You mentioned radioactive decay as a phenomenon without a cause. While I believe that the supernatural exists and breaks the laws of physics, I do not believe in physics that have "spooky" at a distance and unexplainable uncaused events. I checked up on decay. It seems the molecule is unstable but needs an underlying cause to trigger the decay.
Quantum vacuum fluctuations appears to be the "cause". Just as I explained with the gas laws one cannot know when a molecule hits a specific spot, only that given enough time it will happen.
https://en.wikipedia.org/wiki/Radioactive_decay#Theoretical_basis_of_decay_phenomena
The decay process, like all hindered energy transformations, may be analogized by a snowfield on a mountain. While friction between the ice crystals may be supporting the snow's weight, the system is inherently unstable with regard to a state of lower potential energy. A disturbance would thus facilitate the path to a state of greater entropy; the system will move towards the ground state, producing heat, and the total energy will be distributable over a larger number of quantum states thus resulting in an avalanche. The total energy does not change in this process, but, because of the second law of thermodynamics, avalanches have only been observed in one direction and that is toward the "ground state" — the state with the largest number of ways in which the available energy could be distributed.

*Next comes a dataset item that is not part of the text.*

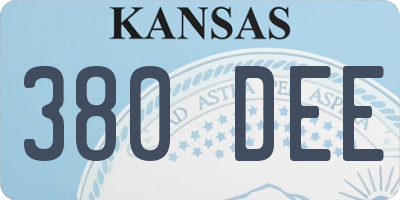 KS license plate 380DEE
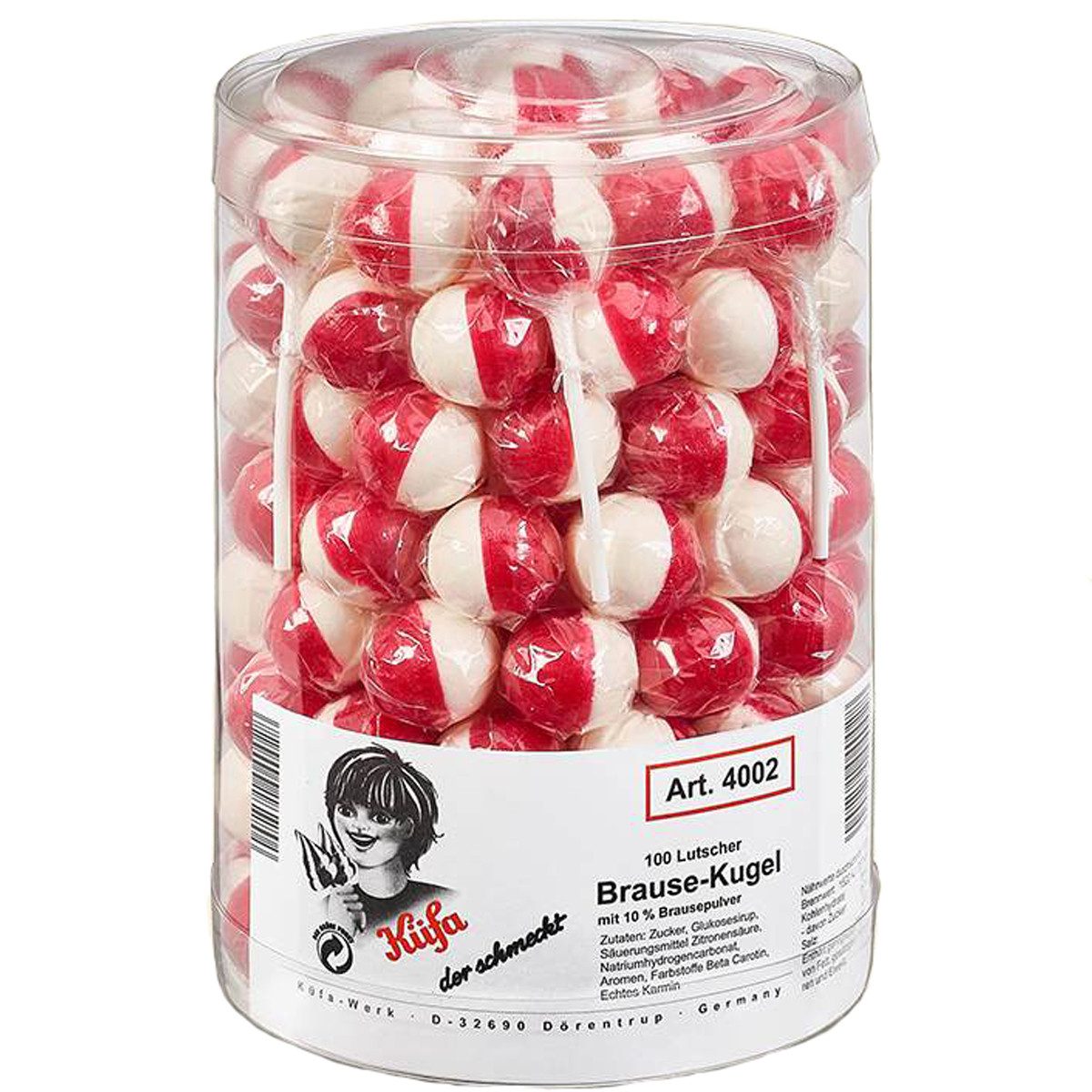KUEFA Süßigkeit, Küfa Brause Kugel Lutscher mit Brausefüllung 100 Stück 1600g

Such a collapse (a gamma-ray decay event) requires a specific activation energy. For a snow avalanche, this energy comes as a disturbance from outside the system, although such disturbances can be arbitrarily small. In the case of an excited atomic nucleus decaying by gamma radiation in a spontaneous emission of electromagnetic radiation, the arbitrarily small disturbance comes from quantum vacuum fluctuations.
Do you have another example of effect without a cause?